[What to produce] Keep the images out while you set down the data exactly.
####################
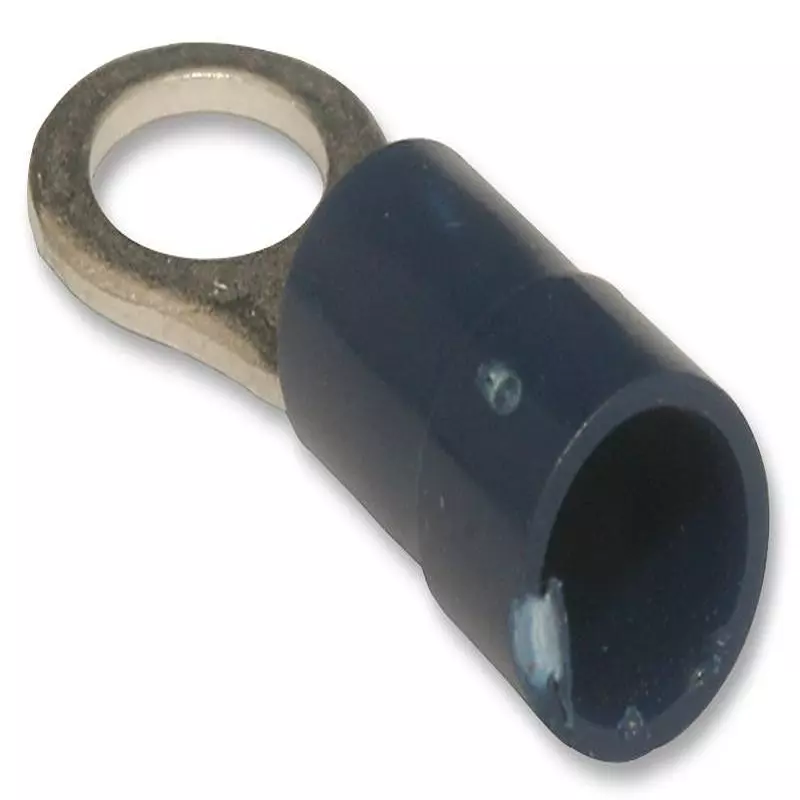 Molex Ring Terminal M5 Stud Size - Metric 14 AWG, 19070-0092 (Pack of 10)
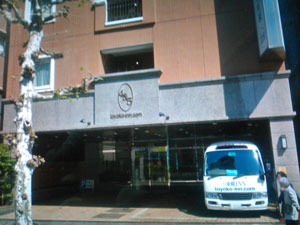 東横イン上野田原町駅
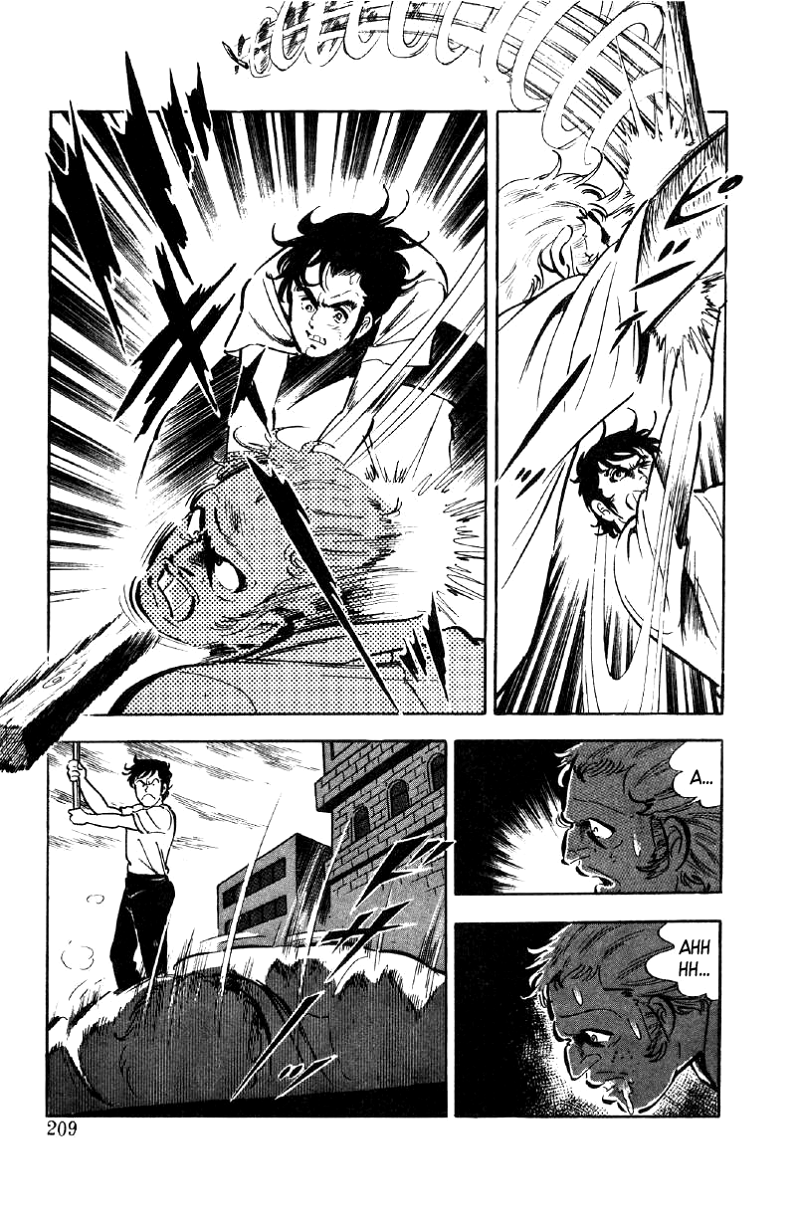 Ore No Sora chapter 22 - page 36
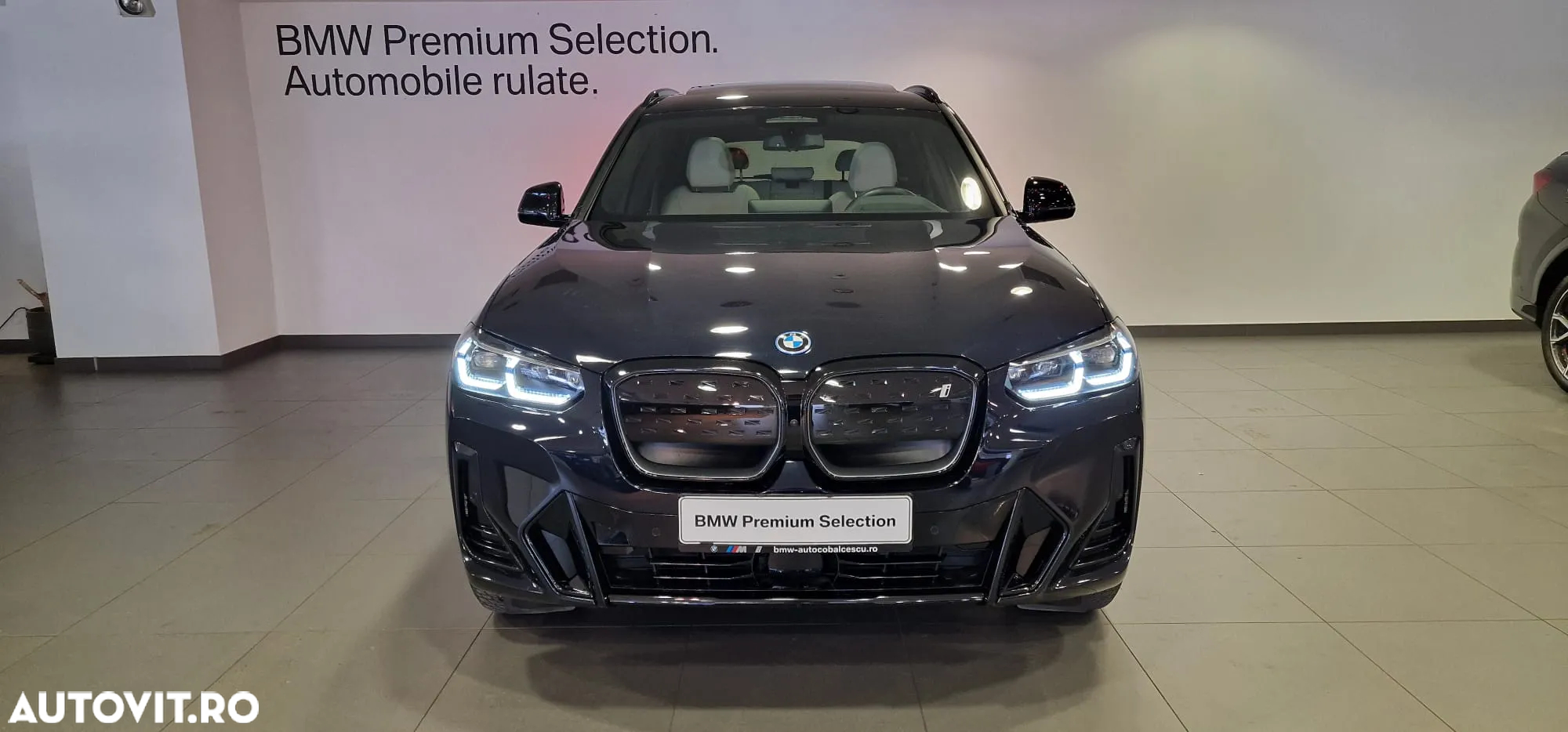 BMW iX3 Standard - 2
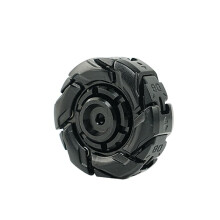 Metal Fidget Spinner for Adults with Open Armor Gyroscope, Smooth Rotation, Durable Build, Gift Box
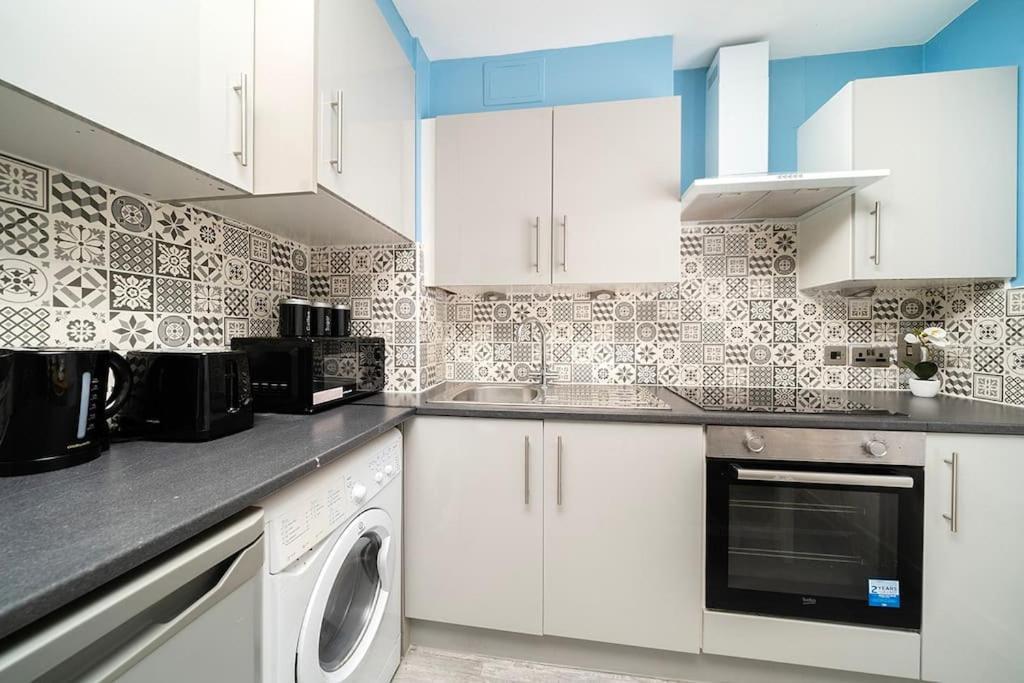 Soho F4 Appartement Londen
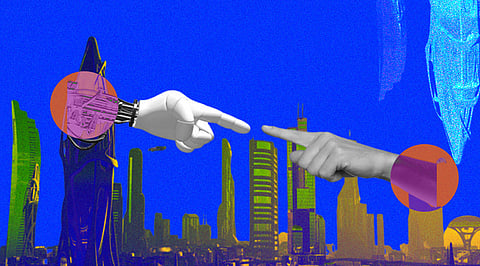 Robots Could Lead to a Utopian or Dystopian Future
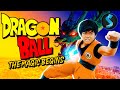 Dragon Ball Quest For Ultimate Power Fantasy Martial Arts Full Movie The Magic Begins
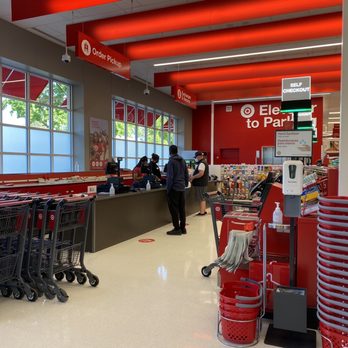 Target - Self check out and order pick up - Furniture Stores Near Me - Sacramento, California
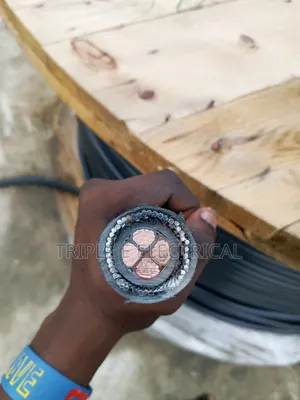 35mm 4core England Cable Bicc Fullguage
####################
[Output of the task]
 Molex Ring Terminal M5 Stud Size - Metric 14 AWG, 19070-0092 (Pack of 10)
 東横イン上野田原町駅
 Ore No Sora chapter 22 - page 36
 BMW iX3 Standard - 2
 Metal Fidget Spinner for Adults with Open Armor Gyroscope, Smooth Rotation, Durable Build, Gift Box
 Soho F4 Appartement Londen
 Robots Could Lead to a Utopian or Dystopian Future
 Dragon Ball Quest For Ultimate Power Fantasy Martial Arts Full Movie The Magic Begins
 Target - Self check out and order pick up - Furniture Stores Near Me - Sacramento, California
 35mm 4core England Cable Bicc Fullguage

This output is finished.